Mercy is like a balm to the gravely wounded,
All rejoice in it as in a lamp.
"I need no mercy!" so the fool declares,
And cries out for mercy when sorrow strikes him down!
In the mercy of God men bask as in sunshine,
For God's mercy awakens us into life!
Let us forgive men, that God may forgive us,
We are all on earth but transient guests.
“Pus is not cleansed from festering wounds by pus, nor is darkness driven from a dungeon by darkness.”
Reflection
Whenever we are outside the grace of God, we are also outside ourselves, and compared to our grace-endowed nature we are in no better a state than a madman compared to a so-called healthy person.
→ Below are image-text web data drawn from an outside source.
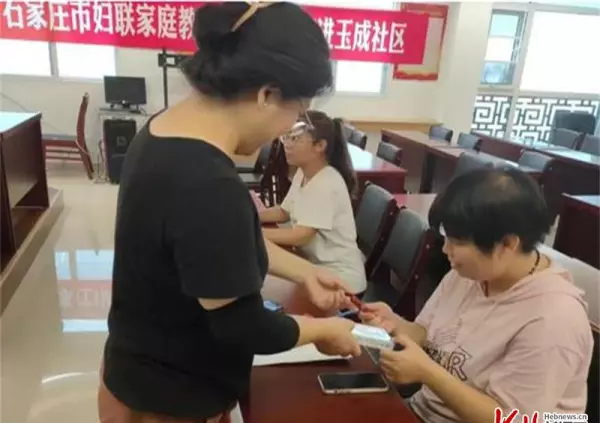 纸巾盒设计宣传避孕药具怎么制作(2)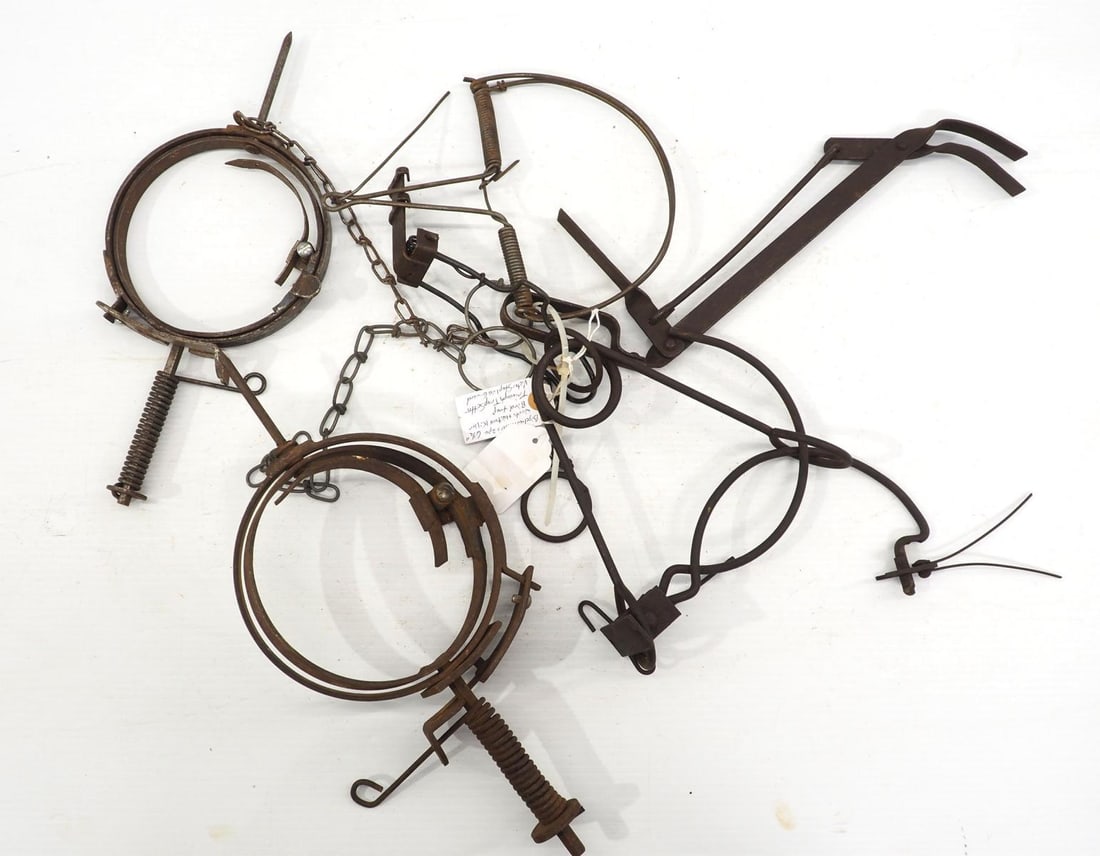 6 Assorted traps (1 of 6)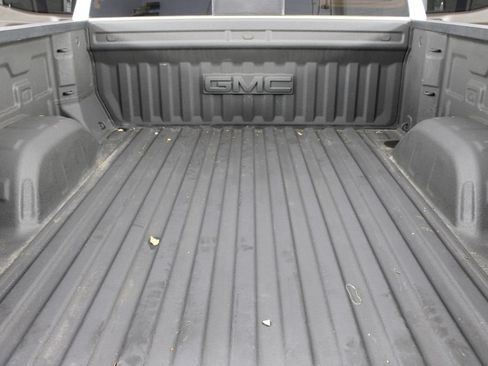 Used 2021 GMC Sierra 1500 SLT w/ SLT Premium Package AWD/4WD image 19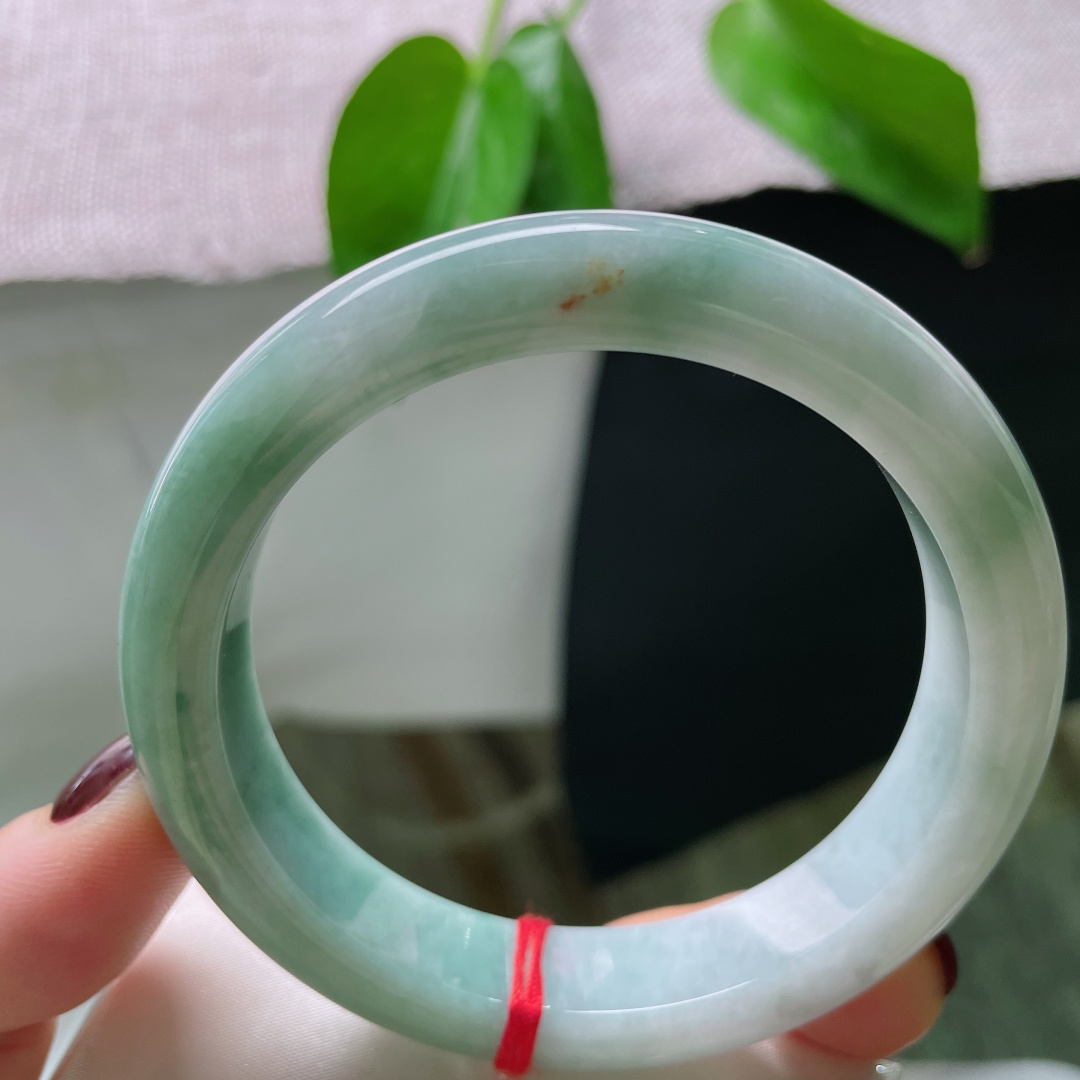 57.9/12.6/8.5，淡蓝色正圈，颜色深浅不一，绰约多姿，洒金，一点皮纹，ss50772a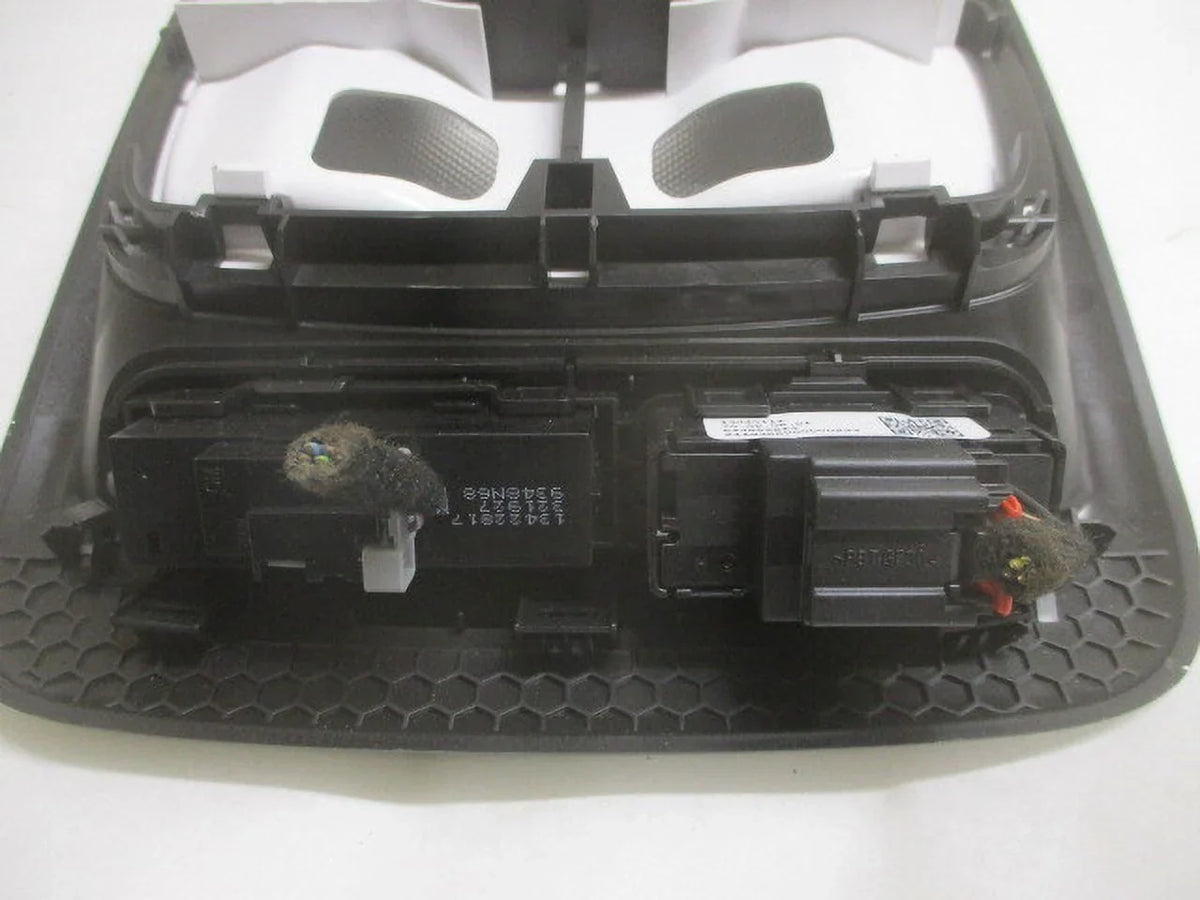 (Good) LKQ Console 21 Sunroof Trailblazer Chevrolet w/Onstar Overhead 22 OEM Pre-Owned Roof &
Only the grace-filled man is a natural man — that is, a man of higher, uncorrupted nature, in which the grace of God reigns and governs.
Saint Symeon the New Theologian says: "A lamp, though filled with oil and having a wick, remains entirely dark if it is not lit with fire. So also the soul, adorned in appearance with all the virtues, if it lacks the light and grace of the Holy Spirit, is quenched and dark" (Homily 59). As the great apostle also says: "By the grace of God I am what I am" (I Cor. 15:10). To be without grace means to be removed from God, and thus removed from the reality of one's own very being. Our being, our person, establishes its reality and receives its fullness only in closeness to God and through God.
Therefore sinners are to be regarded as the sick, as powerless shadows, without reality and without mind.
“Only the grace-filled man is a natural man — that is, a man of higher, uncorrupted nature, in which the grace of God reigns and governs.”
Contemplation
Contemplate the Lord Jesus as the vine (John 15:1), namely:
1. As the vine from which countless fruitful branches have sprung forth in the persons of the saints;
2. As the vine which with its sap, with its own blood, sustains and nourishes all the branches upon itself;
3. As the vine from which the divine Church has branched out on earth and in heaven;
4. As the vine from which I too must not sever the branch of my own life.
Homily
on the power of the Resurrector of the body
Destroy this temple, and in three days I will raise it up (John 2:19)
The Lord speaks this of the temple of His own body. Destroy this Body and I will raise it up in three days! So speaks He who knows His own power, and who by His power has fulfilled His own words. For His body was destroyed, broken, pierced, buried, and covered with darkness for three days. And on the third day He raised it up — raised it not merely from the grave to earth, but exalted it to the heavens. And so He spoke the word, and His word was fulfilled.
The Lord gave a sign to the Jews, for they sought a sign from Him. And when He gave them a sign such as no one before Him had ever been able to give, they did not believe Him. Instead, confused and frightened, they bribed the guards at Golgotha to lie — to proclaim a falsehood, that this wondrous sign had not occurred, but that the disciples had stolen Him from the tomb!
No sign avails those who will not believe. The Jews saw with their own eyes many miracles of Christ, and yet refused to believe, saying instead, as a justification for their unbelief, that He performed those miracles by the power of the prince of devils! He who will not believe in good is not aided by all the signs that heaven can give. A heart filled with malice is harder than granite. A mind darkened by sin cannot be illumined by all the light of heaven, greater than a thousand suns.
But when a man drives out malice from his heart and saves his mind from the darkness of sin, then he sees the countless signs that God gives to those who will to believe — they see and they believe.
O my brethren, let us not sin against the mercy of God, and let us not yield to the malice of unbelief. O my brethren, all the signs have already been given, and all shine like stars across the heavenly vault to every man who has a good heart and a right-thinking mind.
O Lord Wonderworker, to Thee be glory and praise forever. Amen.
“A heart filled with malice is harder than granite. A mind darkened by sin cannot be illumined by all the light of heaven.”